You are viewing a plain text version of this content. The canonical link for it is here.

Posted to solr-user@lucene.apache.org by Matt B <ma...@runbox.com> on 2015/03/02 21:04:42 UTC

Slow cross-core joins

I've recently inherited a Solr instance that is required to perform numerous joins between two cores, usually as filter queries, similar to the one below:

q=firstName=Matt&fq=-({!to=emailAddress toIndex=accounts type=join fromIndex=lists from=listValue}list_id:000038f2-351b-11e4-9579-001e67654bce OR {!to=emailDomain toIndex=accounts type=join fromIndex=lists from=listValue}list_id:000038f2-351b-11e4-9579-001e67654bce OR {!to=emailDomainReversed toIndex=accounts type=join fromIndex=lists from=listValue}list_id:000038f2-351b-11e4-9579-001e67654bce)

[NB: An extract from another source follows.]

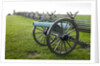 Civil War Memorial, Gettysburg, Pennsylvania by Anonymous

The accounts core is about 35GB with ~40,000,000 documents and the lists core is about 9 GB with 90,0000,000 documents.  There may be anywhere from one to one million documents in the lists core matching any particular list_id.  The idea is to filter a search query on the accounts core to include or exclude any documents with an email address, email domain, or reverse email domain that is found within the lists core for a particular list id.  The lists core is frequently updated on a daily basis with both additions and deletions.

Not surprisingly, such queries are very slow, usually taking minutes to return any results.

Are there any possible strategies to significantly increase the performance of such queries?  The JVM max heap size is set to 16 GB and the server has 64 GB RAM.

Re: Slow cross-core joins

Posted by Mikhail Khludnev <mk...@griddynamics.com>.

Excuse me for hijacking: I raised
https://issues.apache.org/jira/browse/LUCENE-6332. Please vote if you need.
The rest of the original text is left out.